Technical information
- Licensing authority: FCC
- Facility ID: 71340
- Class: D
- ERP: 9 watts
- HAAT: -18 meters
- Transmitter coordinates: 41°57′43″N 72°27′49″W﻿ / ﻿41.96194°N 72.46361°W

Links
- Public license information: Public file; LMS;

= WDJW =

WDJW is the call sign of the FM radio station licensed to the Somers, Connecticut Board of Education. One of only a handful of high school radio stations in the state, WDJW has served the school and the community for over 35 years. Originally operating on 105.3 MHz, WDJW moved to 89.7 in the early 1990s and has had an eclectic format consisting of student and faculty programs supplemented with the programming of WWUH from the University of Hartford.

==History==
WDJW was founded in 1979 by Somers High School sophomore Robert Child.
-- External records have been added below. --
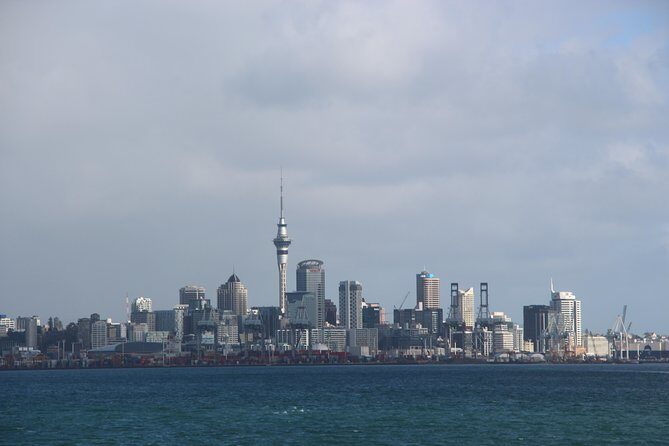Auckland Harbour Cruise - Staff, organization, and the small comfort details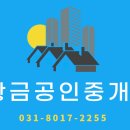 판교우리공인중개사사무소 이미지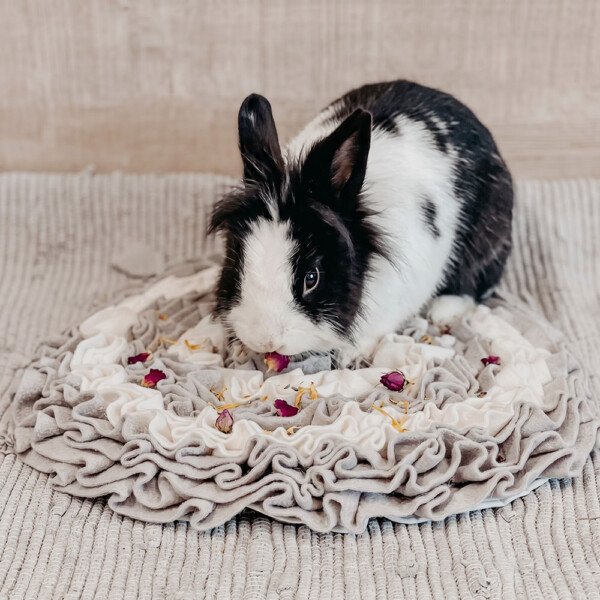Bunny Foraging Mat Toy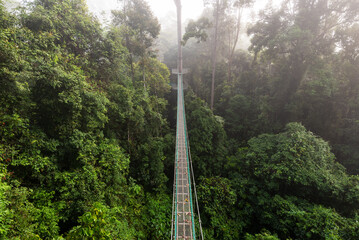 Treetop canopy walkway in Danum Valley primary jungle Lahad Datu Sabah Borneo Malaysia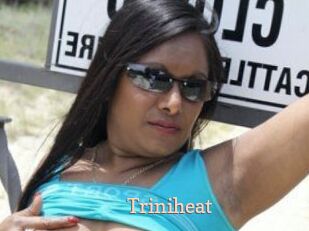 Triniheat
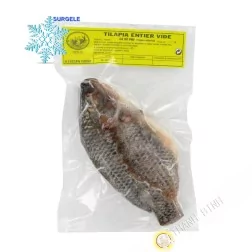 La Tilapia entera vacío kg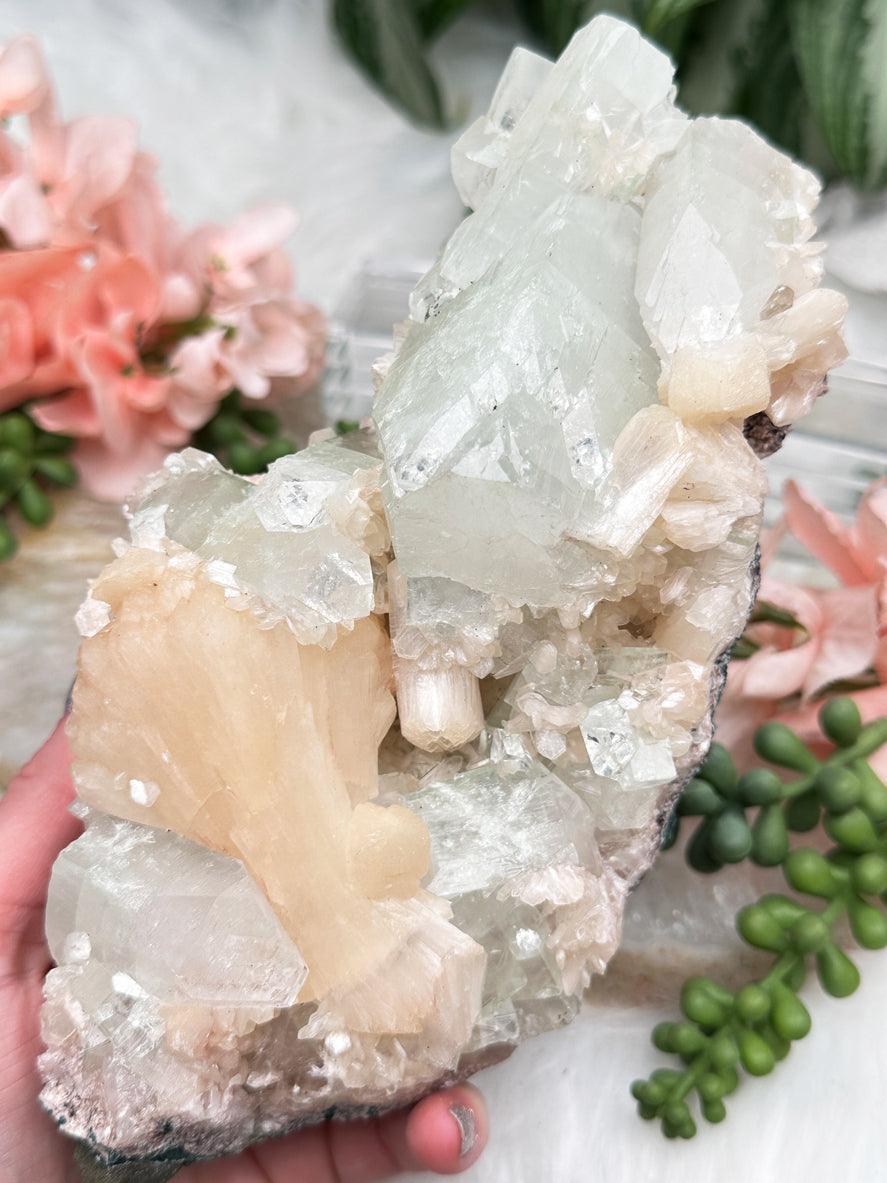 Green Apophyllite Clusters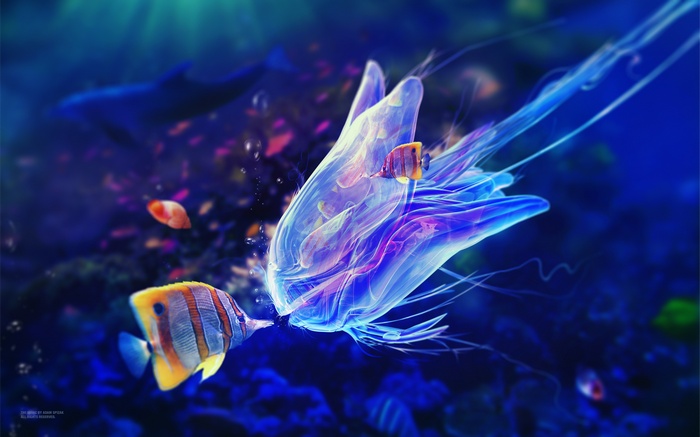 Jellyfish and fish underwater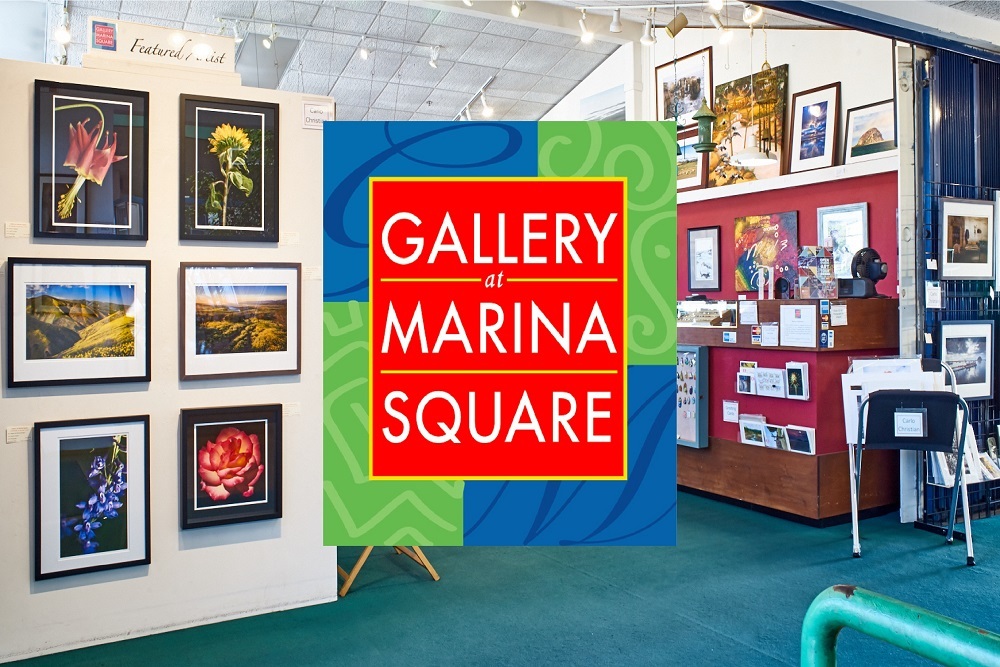 Second Saturday Artists Reception to be held May 15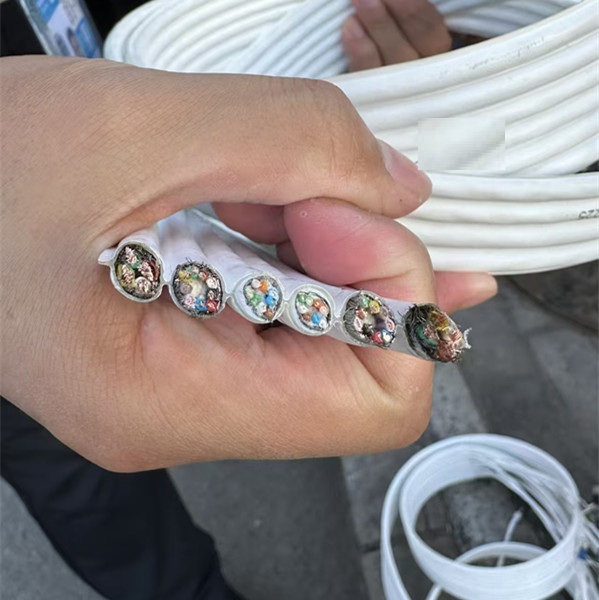 Ultra Flex Life Flat Ptfe Cable - CITCable
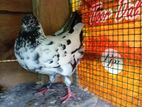 Black Pakistan Pigeons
Child approached the Somers Board of Education in early 1979 to request funding and approval and was granted sufficient funds to purchase and install the requisite equipment. The radio station was installed in a small utility room at Somers High School, and was staffed by volunteer students under the direction of Radio Station Club faculty adviser Otto Bouldwin. Child went on to a distinguished career in film and television, and is an Emmy nominated writer and director.

In 1979, representatives of the station requested and received authorization from WTIC-AM to simulcast Boston Red Sox games to the Somers community. Formal ratings data was not available during the station launch era, but the complete listening audience was better understood when in 1980 Somers High School Administration received a petition from inmates at the Somers Maximum Security Correctional Facility to support WDJW radio. The petition was signed by hundreds of prison inmates, who apparently followed and appreciated the efforts of the volunteer student 'disc jockeys'.
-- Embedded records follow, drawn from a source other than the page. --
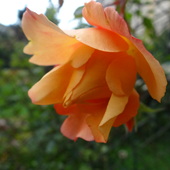 jesienna róża, ostatnia w ogrodzie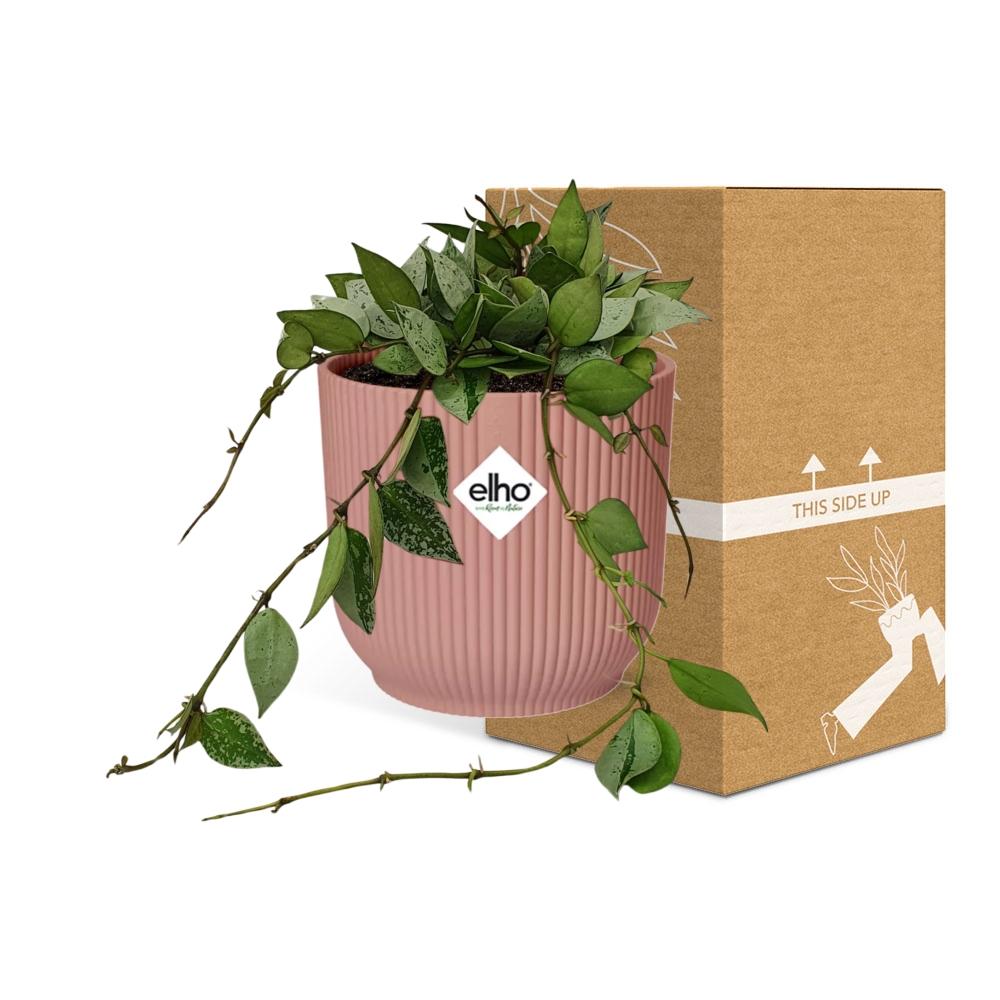 Hoya Krohniana Eskimo – Pflegeleichte Wachsblume im ELHO Vibes Fold Topf 14cm rosa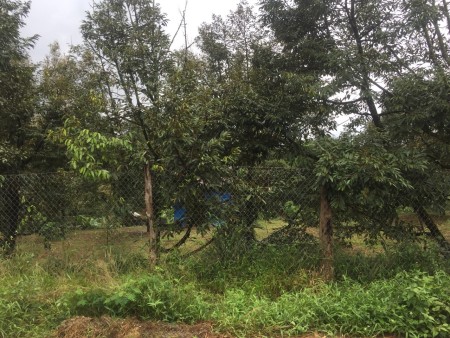 Đi đến slide 10
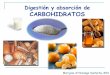 Digestión y absorción de CARBOHIDRATOS · Menor frecuencia de: ... Problemas: Putrefacción y fermentación: Producen gases: CO 2, metano, H 2, N 2 y ác.sulfhídrico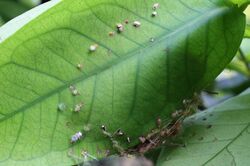 Nest of tailorbird.jpg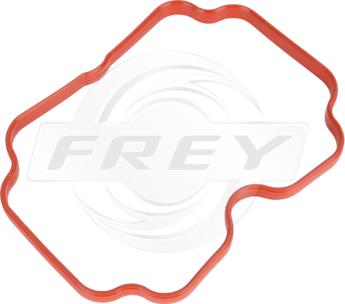 FREY 800603201 - Garnitura, galerie admisie - allinparts.ro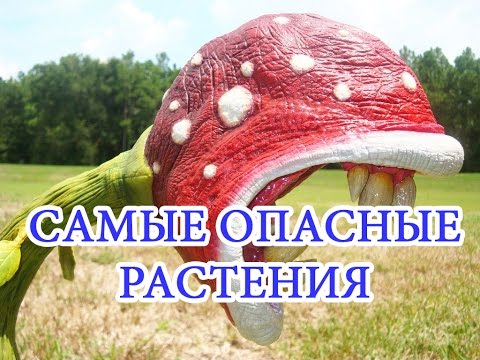 ✅ТОП 5 самых опасных растений в мире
The earliest Federal Communications Commission (FCC) document available on line is an "original construction permit" which was granted on June 25, 1979, authorizing construction of a station on 89.7 MHz with 10 watts of power. A License to Cover was granted on March 14, 1980. A "Major Modification" was granted by the FCC on February 28, 1983, but the on line data base does not specify any details. On December 12, 1990, a Construction Permit was granted to change the frequency to 105.3 MHz. Reportedly the Board of Education decided not to pursue this change and the next FCC database entry is a renewal on June 10, 1999, showing the frequency as 89.7 MHz.
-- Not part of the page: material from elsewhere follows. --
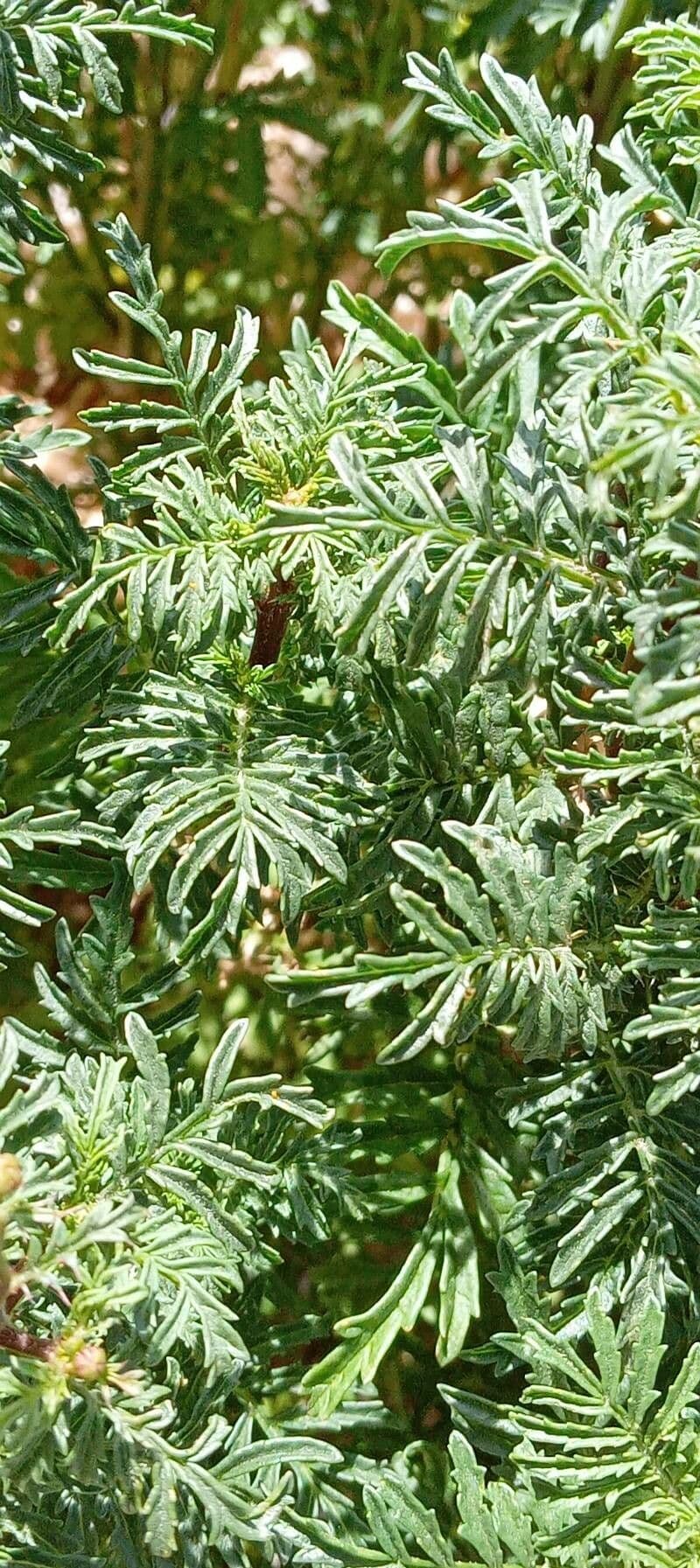 Schmalblättrige Studentenblume 14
In late 1995 WDJW's old transmitter failed for good and the station went off the air. WDJW was faced with deletion since a recent FCC rule change called for automatic deletion of any license that was off the air for one year. WWUH at the University of Hartford offered the BOE a loan of a transmitter in return for use of the WDJW signal when local programming was unavailable. WDJW went back on the air in late 1996 and moved its studios and transmitter to the new high school building in the late 1990s.

WDJW has a construction permit from the FCC to add circular polarization and correct antenna coordinates. It is licensed for 9 watts effective radiated power and the antenna is -18 meters height above average terrain.